It need only be added that as the Algebrist, though the sequence of his terms is fixed by their relations rather than by their several values, must give a real value to the final one he reaches; so the thinker in words must let his concluding word or phrase be translated into its full sensible-image-value, under penalty of the thought being left unrealized and pale.

This is all I have to say about the sensible continuity and unity of our thought as contrasted with the apparent discreteness of the words, images, and other means by which it seems to be carried on. Between all their substantive elements there is 'transitive' consciousness, and the words and images are 'fringed,' and not as discrete as to a careless view they seem. Let us advance now to the next head in our description of Thought's stream.

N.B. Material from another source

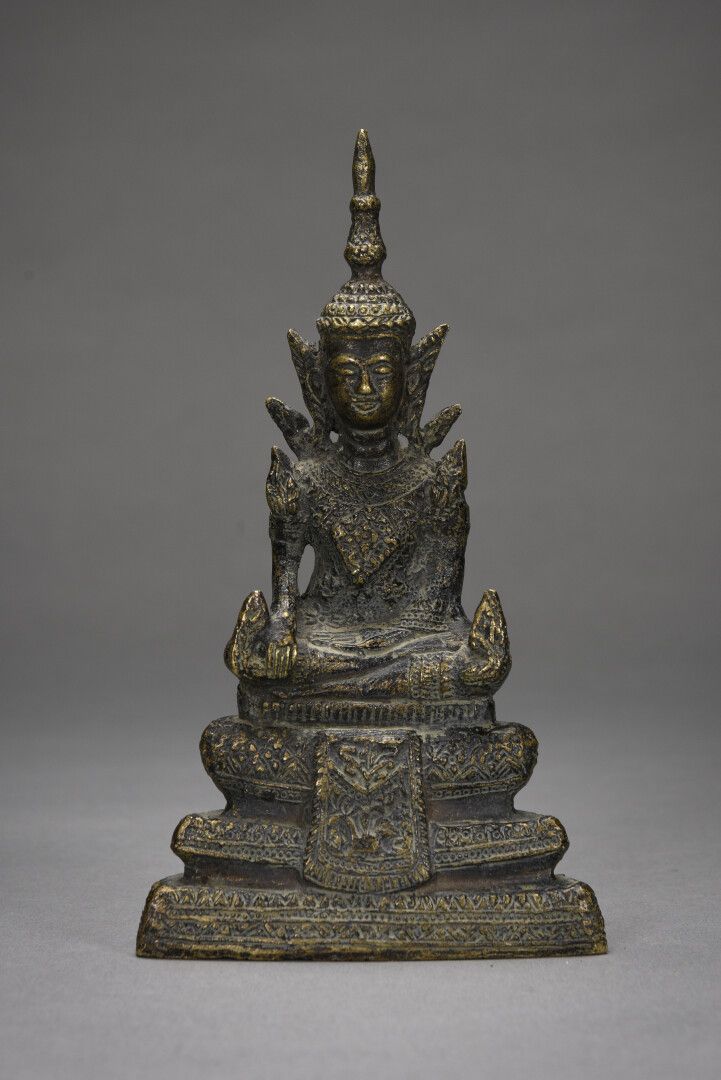 Null Bouddha assis en bronze

H : 19 cm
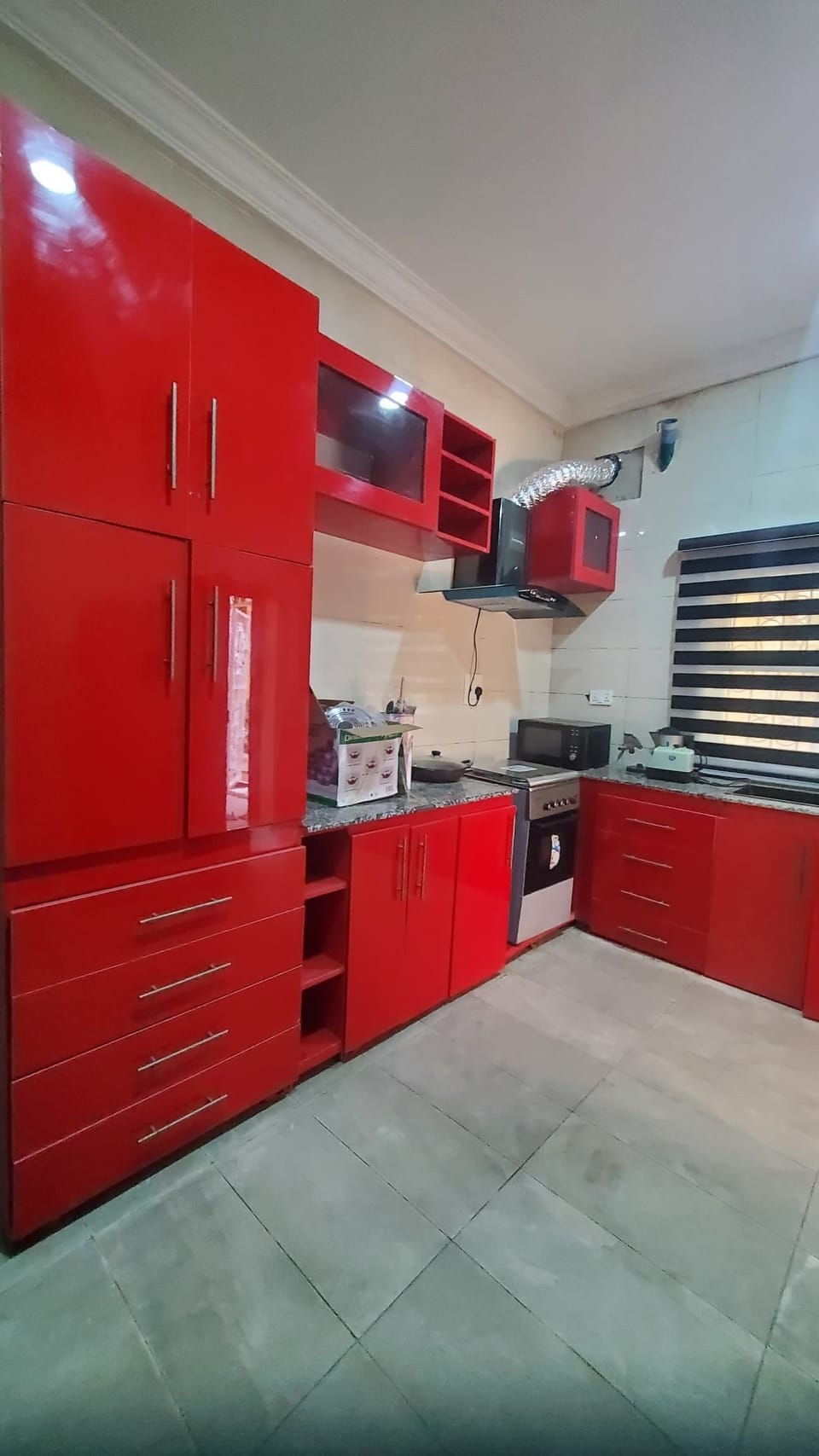 Full-size fridge, microwave, oven, stovetop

4. Human thought appears to deal with objects independent of itself; that is, it is cognitive, or possesses the function of knowing.

For Absolute Idealism, the infinite Thought and its objects are one. The Objects are, through being thought; the eternal Mind is, through thinking them. Were a human thought alone in the world there would be no reason for any other assumption regarding it. Whatever it might have before it would be its vision, would be there, in its 'there,' or then, in its 'then'; and the question would never arise whether an extra-mental duplicate of it existed or not. The reason why we all believe that the objects of our thoughts have a duplicate existence outside, is that there are many human thoughts, each with the same objects, as we cannot help supposing. The judgment that my thought has the same object as his thought is what makes the psychologist call my thought cognitive of an outer reality. The judgment that my own past thought and my own present thought are of the same object is what makes me take the object out of either and project it by a sort of triangulation into an independent position, from which it may appear to both. Sameness in a multiplicity of objective appearances is thus the basis of our belief in realities outside of thought.[242] In [Chapter XII] we shall have to take up the judgment of sameness again.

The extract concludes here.